Other reasons for failure include personal effects, like self-esteem, ego and individual reputation; this is very dangerous and can halt someone’s career. For instance, if an expatriate comes back from a failed mission (which may not necessarily be due to his inability to execute assignments as required), his self-esteem among peers is greatly undermined and some people may doubt his competency, including those in lower ranks than him, all these may weigh him down culminating into a failed career.

Adjustments into a new environment, taking into consideration, the family values are also reasons that have led to failure (Selmer 1995, pp. 37-97). As much as an expatriate can have time to speak to his/her family, it is still vital that they be close to solve emotional issues. Affection is required and this necessitates physical presence (Mead 2005, pp. 375-422).

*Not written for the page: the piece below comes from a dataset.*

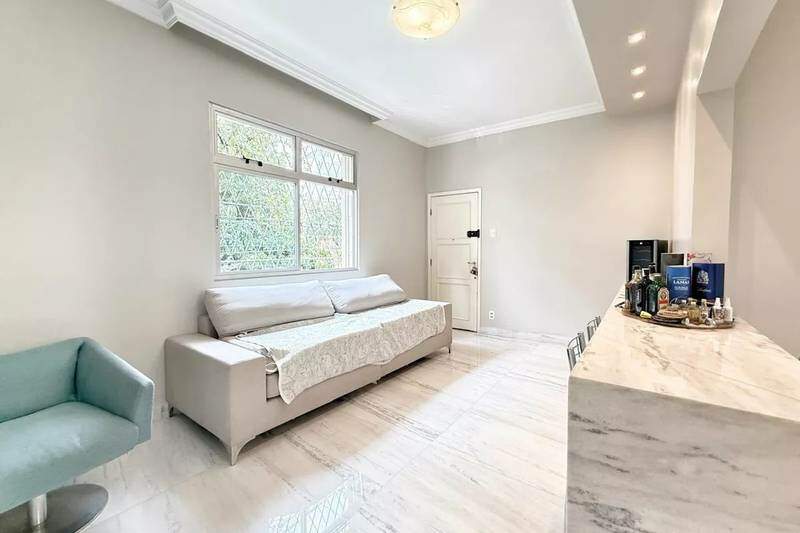 Apartamento à venda no Cruzeiro:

How to achieve higher success rate

Achieving higher success is vital to ensure expansion in the expatriate process. This can be achieved by mitigating the controllable reasons for failure and strengthening reasons for success (Legge 2004, pp. 112). These include family matters, which should be given close attention while choosing an individual for the assignment. If the family members are against it, after exploring all possible avenues, taking into consideration spouse employment and children’s education, some one else should be chosen to avoid premature return.

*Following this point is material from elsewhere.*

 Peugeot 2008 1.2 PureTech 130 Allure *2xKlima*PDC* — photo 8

These will most probably give a positive result, which would encourage more expatriates. In addition, Levels of adaptation, or adjustments to the new environment is essential, factors which have been seen to improve this are to be agreeable, expatriates who posses these skills are more likely to adjust into a new environment and this should therefore be used in considering those to be assigned (Longatan 2009, par. 7-9).

Cross-cultural training should also be fostered to help mitigate on various social identification groups, which have negated effective interaction and the strengthening of organizational culture (Mead 2005, pp. 375-422). Group interactions should therefore be encouraged to stem out expatriate’s beliefs that are ethnocentric. This is because the groups can fall into categorization and social identity, causing severe consequences to the development of a sold working team (Van den Anker 2009, pp. 1-3).

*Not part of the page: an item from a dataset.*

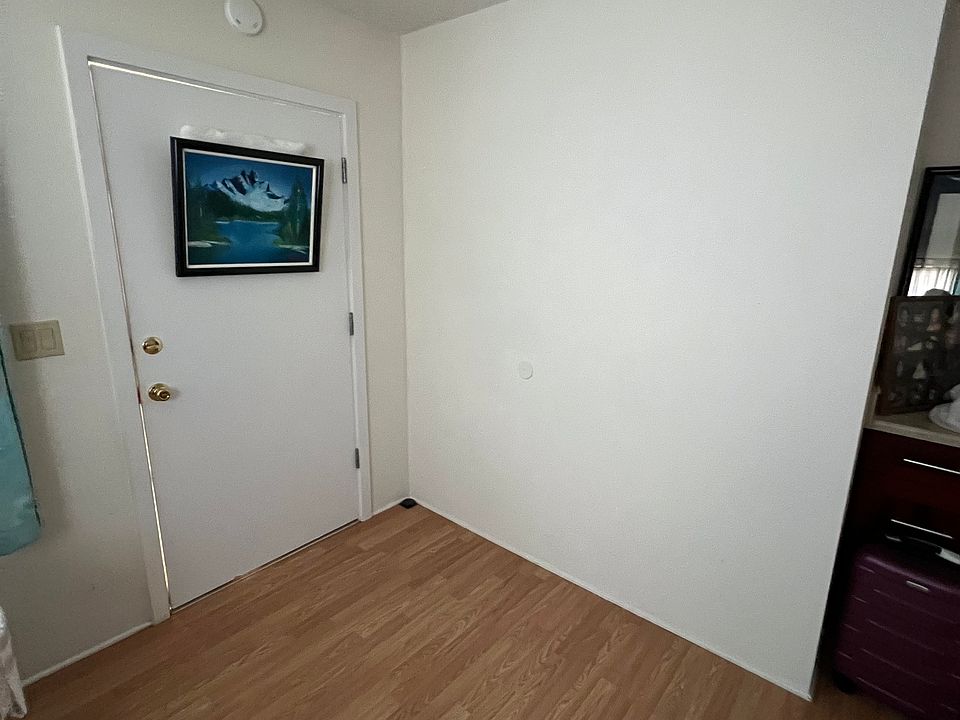 2nd image of 94-777 Kaaholo St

Expatriate assignments have formed a key component of globalization. This has allowed for cross-cultural interaction and sharing with an increasing number of global professionals venturing in many multinational subsidiaries throughout the global market. The prospects of the firms and individuals having a global perspective, among other reasons, have contributed to the success of expatriate assignments. However, costs associated with it, family matters as well as social and cross-cultural adjustments have derailed the process. To achieve higher success, these have to be mitigated with strong focus put on evaluation and cross-cultural training for potential expatriates (Mead 2005, pp. 375-422).

Reference List

  1. Armstrong, M. 2006. A Handbook of Human Resource Management Practice (10th Ed.). London: Kogan Page.
  2. Collings, D.G., Scullion, H. and Morley, M.J. 2007. Changing Patterns of Global Staffing in the Multinational Enterprise: Challenges to the Conventional Expatriate Assignment and Emerging Alternatives. Journal of World Business, 42:2, pp. 198-213.
  3. Driskell, C. D. 1978. Bibliographies in Afro-American Art. American Art Quarterly, Vol. 30, No. 3, pp. 385.
  4. Legge, K. 2004. Human Resource Management: Rhetorics and Realities (Anniversary Ed.). Basingstoke: Palgrave Macmillan.
  5. Longatan, N. 2009. Success and failure in Overseas Work Assignments: A Case Study in Expatriation, Global Staff Need Global Support. International Trade.
  6. Mead, R. 2005. International Management: Cross-cultural Dimensions. Malden. BlackwellPublishing. Web.
  7. Mercer, V.1996. Explorations in the City of Light. New York: The Studio Museum in Harlem.
  8. Selmer, J. 1995. Expatriate management: new ideas for international business. Westport. GreenwoodPublishingGroup. Web.
  9. Van den Anker, B. 2009. What makes an expatriate assignment work? Expatica Communications BV.
  10. Weber, T. 2004. What are the Critical Success Factors in Expatriate Assigments?. Grin Publishing GmbH. Web.